Motivating Questions
  • How does the integral function \(A(x) = \int_1^x f(t) \, dt\) define an antiderivative of \(f\text{?}\)

  • What is the statement of the Second Fundamental Theorem of Calculus?

  • How do the First and Second Fundamental Theorems of Calculus enable us to formally see how differentiation and integration are almost inverse processes?

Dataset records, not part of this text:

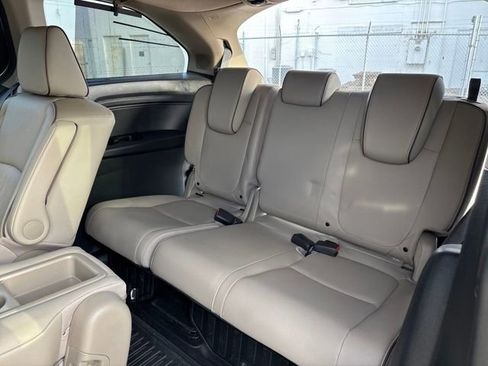 Used 2022 Honda Odyssey Elite image 10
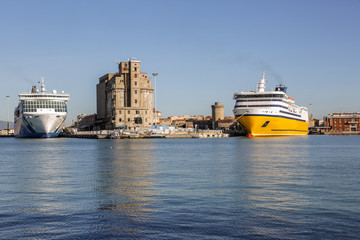 Italien, Toscana, Riviera, Livorno, Hafen, Seehafen, F&auml;hren, Schiffe, Boote, Motorbote, F&auml;hre, Autof&auml;hre, Elba, Stadthafen
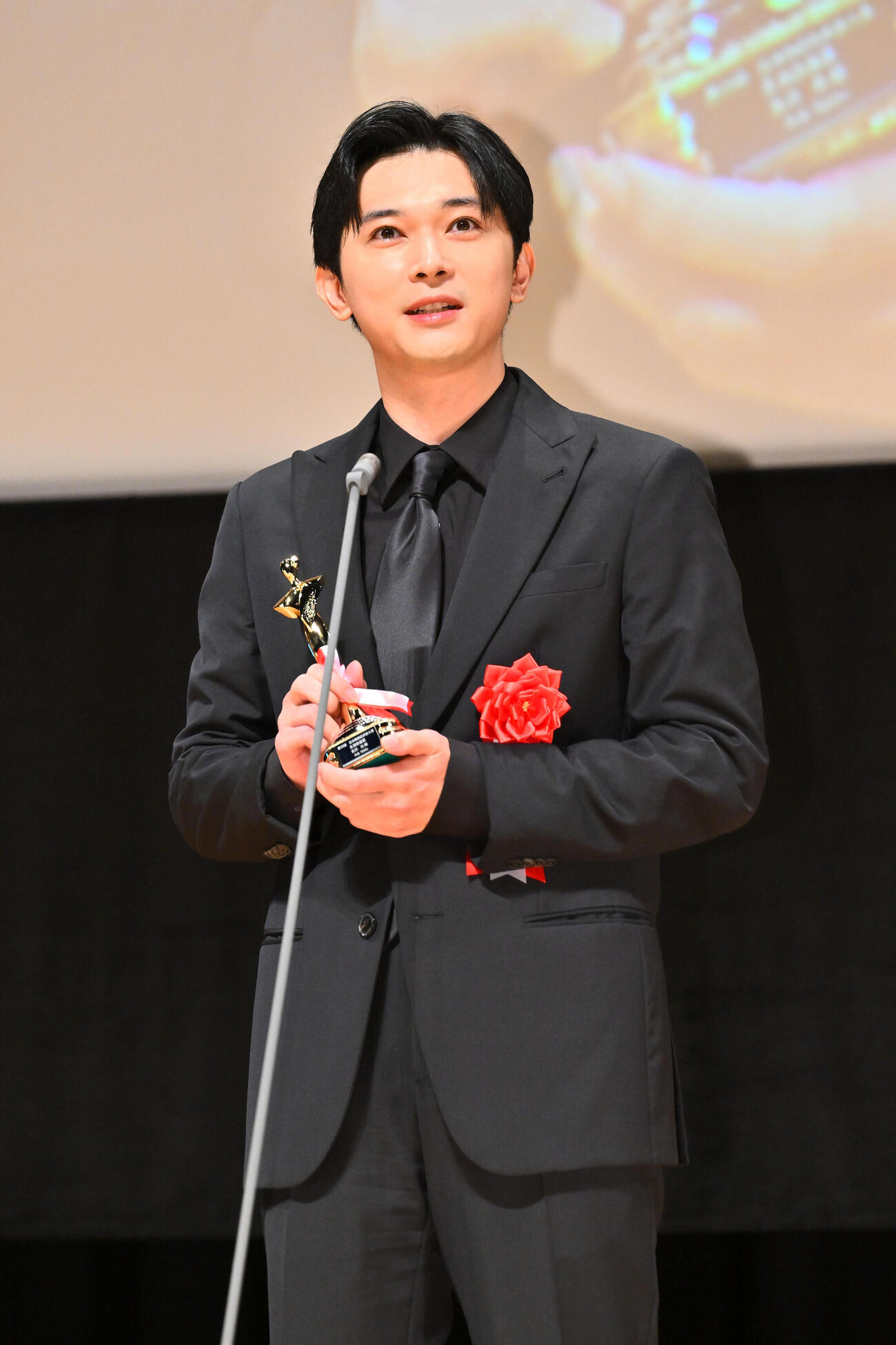第35回日本映画批評家大賞　主演男優賞を授賞した吉沢亮（撮影・滝沢徹郎）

In Section 4.4, we learned the Fundamental Theorem of Calculus (FTC), which from here forward will be referred to as the First Fundamental Theorem of Calculus, as in this section we develop a corresponding result that follows it. In particular, recall that the First FTC tells us that if \(f\) is a continuous function on \([a,b]\) and \(F\) is any antiderivative of \(f\) (that is, \(F' = f\)), then

\begin{equation*} \int_a^b f(x) \, dx = F(b) - F(a). \end{equation*}

We have typically used this result in two settings: (1) where \(f\) is a function whose graph we know and for which we can compute the exact area bounded by \(f\) on a certain interval \([a,b]\text{,}\) we can compute the change in an antiderivative \(F\) over the interval; and (2) where \(f\) is a function for which it is easy to determine an algebraic formula for an antiderivative, we may evaluate the integral exactly and hence determine the net-signed area bounded by the function on the interval. For the former, see Preview Activity 5.1.1 or Activity 5.1.2. For the latter, we can easily evaluate exactly integrals such as

\begin{equation*} \int_1^4 x^2 \, dx, \end{equation*}

since we know that the function \(F(x) = \frac{1}{3}x^3\) is an antiderivative of \(f(x) = x^2\text{.}\) Thus,

\begin{align*} \int_1^4 x^2 \, dx =\mathstrut \amp \frac{1}{3}x^3 \bigg\vert_1^4\\ =\mathstrut \amp \frac{1}{3}(4)^3 - \frac{1}{3}(1)^3\\ =\mathstrut \amp 21. \end{align*}

Here we see that the First FTC can be viewed from at least two perspectives: first, as a tool to find the difference \(F(b) - F(a)\) for an antiderivative \(F\) of the integrand \(f\text{.}\) In this situation, we need to be able to determine the value of the integral \(\int_a^b f(x) \, dx\) exactly, perhaps through known geometric formulas for area. It is possible that we may not have a formula for \(F\) itself. From a second perspective, the First FTC provides a way to find the exact value of a definite integral, and hence a certain net-signed area exactly, by finding an antiderivative of the integrand and evaluating its total change over the interval. In this latter case, we need to know a formula for the antiderivative \(F\text{,}\) as this enables us to compute net-signed areas exactly through definite integrals, as demonstrated in Figure 5.2.1.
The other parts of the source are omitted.